▽

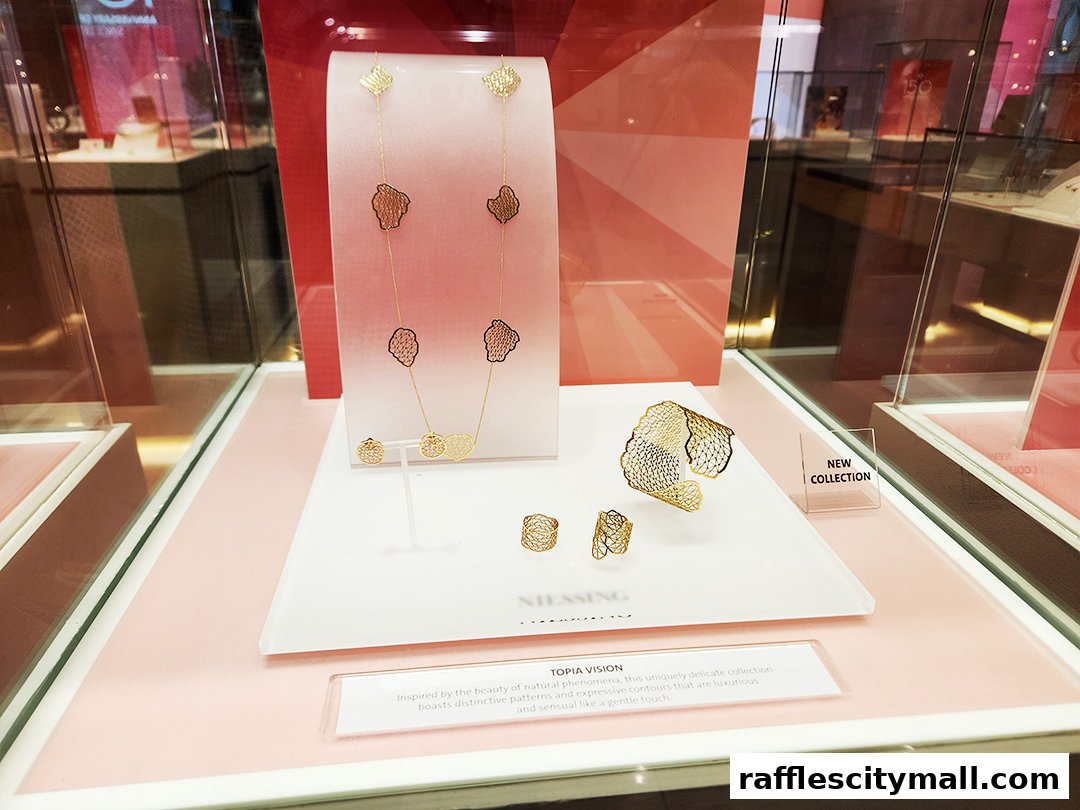 A display of gold jewelry, including a necklace, bracelet, and rings, in a shop window.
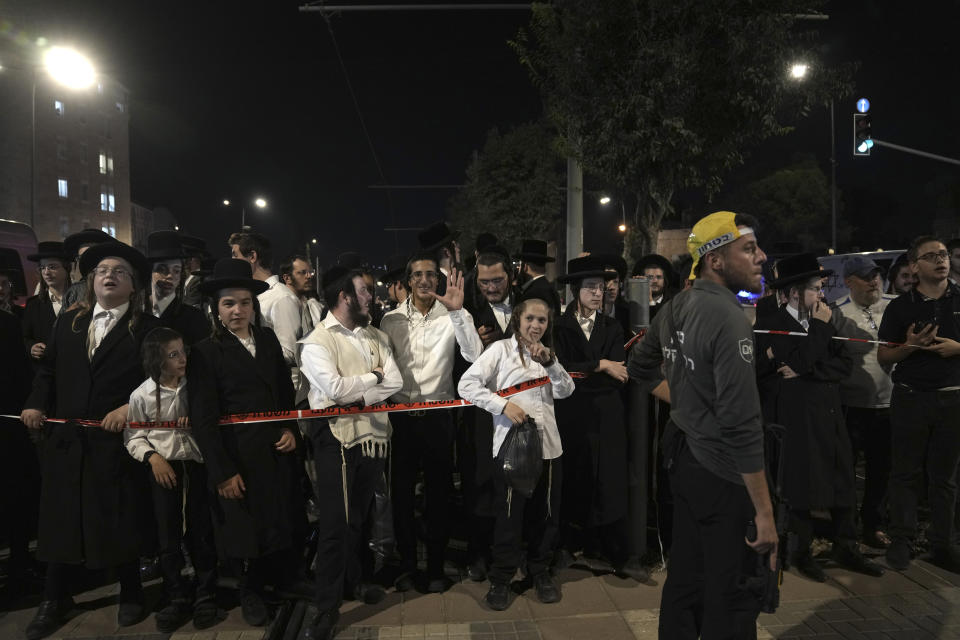 Ultra-Orthodox youth gather at a light rail train station after a stabbing in Jerusalem, Wednesday, Aug. 30, 2023. Israeli police said a Palestinian assailant stabbed an Israeli man near a light-rail station before the attacker was shot and killed by police. Israeli paramedics said the Israeli man was moderately wounded, and pronounced the attacker dead. (AP Photo/Mahmoud Illean)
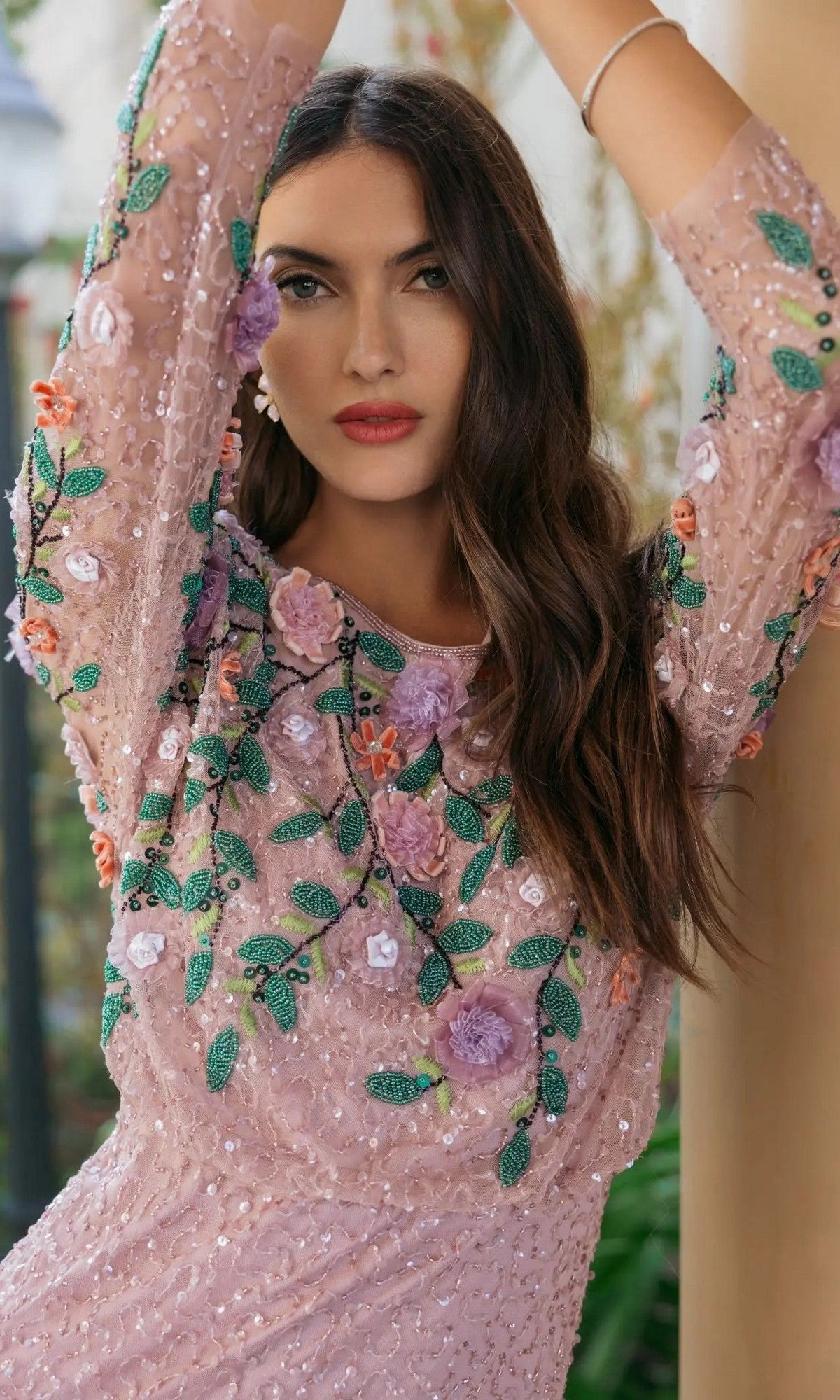 A woman with long brown hair stands with her arms raised, looking at the camera, wearing the Mac Duggal 9341 long formal dress—an elegant pink gown adorned with floral embroidery and sequin embellishments.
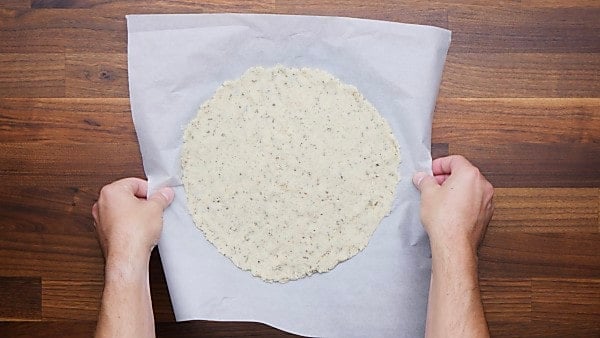 pizza dough pressed on pizza pan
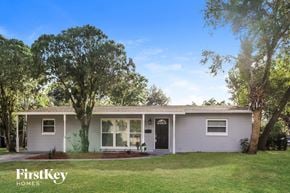 Winter Park house for rent - a white house with a lawn and trees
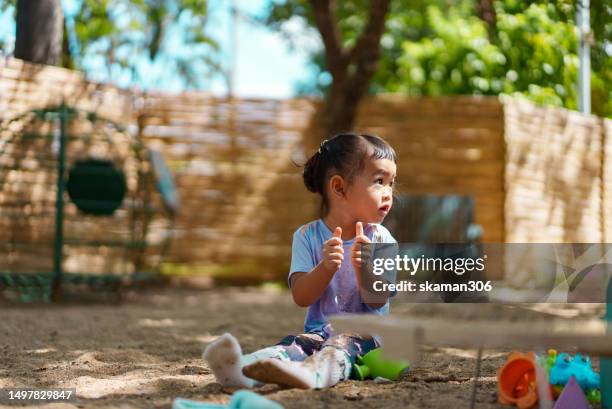 happy weekend activity asian toddler enjoy playing sandbox on the playground at public park - 2 boys 1 sandbox stock pictures, royalty-free photos & images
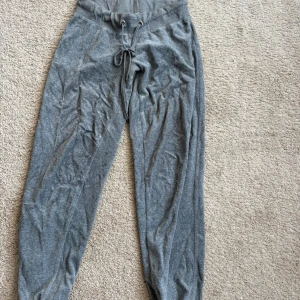 Grå mjukisbyxor med snörning - Säljer ett par grå mjukisbyxor med snörning i midjan. Byxorna har en avslappnad passform och är perfekta för en bekväm dag hemma. De är tillverkade i ett mjukt material som känns skönt mot huden. Kan matchas med koftan jag la ut 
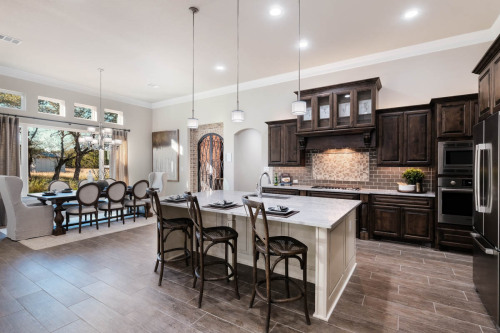 Unionlands Cabinetry Raised Panel Two Tone Maple Stain Kitchen Cabinet and White Painted Island Cabinet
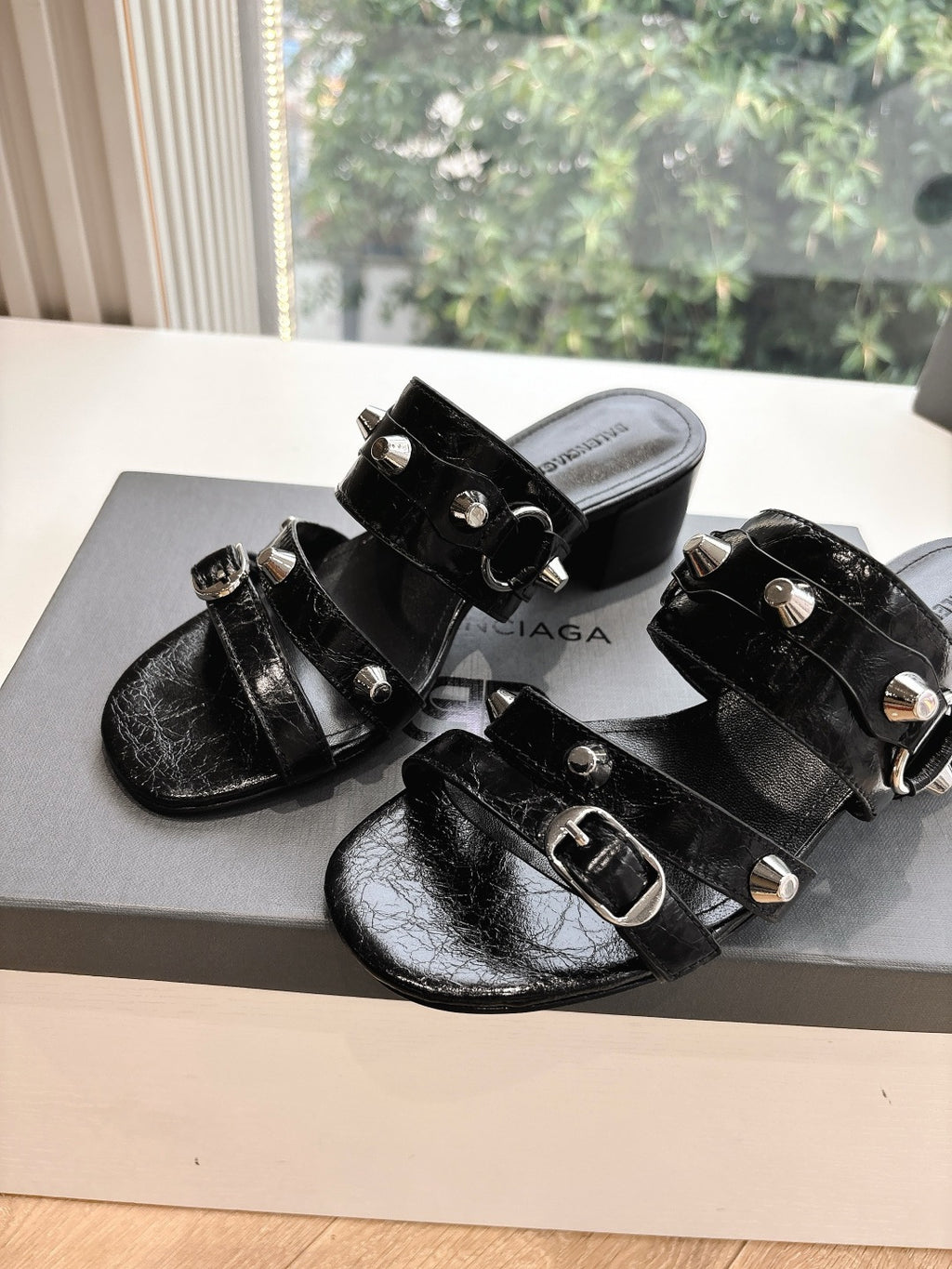 Black leather slide sandals with silver buckle hardware and stud accents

△

» What is being asked
The whole listing is to be duplicated verbatim, apart from its images.

» Response
 A display of gold jewelry, including a necklace, bracelet, and rings, in a shop window.
 Ultra-Orthodox youth gather at a light rail train station after a stabbing in Jerusalem, Wednesday, Aug. 30, 2023. Israeli police said a Palestinian assailant stabbed an Israeli man near a light-rail station before the attacker was shot and killed by police. Israeli paramedics said the Israeli man was moderately wounded, and pronounced the attacker dead. (AP Photo/Mahmoud Illean)
 A woman with long brown hair stands with her arms raised, looking at the camera, wearing the Mac Duggal 9341 long formal dress—an elegant pink gown adorned with floral embroidery and sequin embellishments.
 pizza dough pressed on pizza pan
 Winter Park house for rent - a white house with a lawn and trees
 happy weekend activity asian toddler enjoy playing sandbox on the playground at public park - 2 boys 1 sandbox stock pictures, royalty-free photos & images
 Grå mjukisbyxor med snörning - Säljer ett par grå mjukisbyxor med snörning i midjan. Byxorna har en avslappnad passform och är perfekta för en bekväm dag hemma. De är tillverkade i ett mjukt material som känns skönt mot huden. Kan matchas med koftan jag la ut 
 Unionlands Cabinetry Raised Panel Two Tone Maple Stain Kitchen Cabinet and White Painted Island Cabinet
 Black leather slide sandals with silver buckle hardware and stud accents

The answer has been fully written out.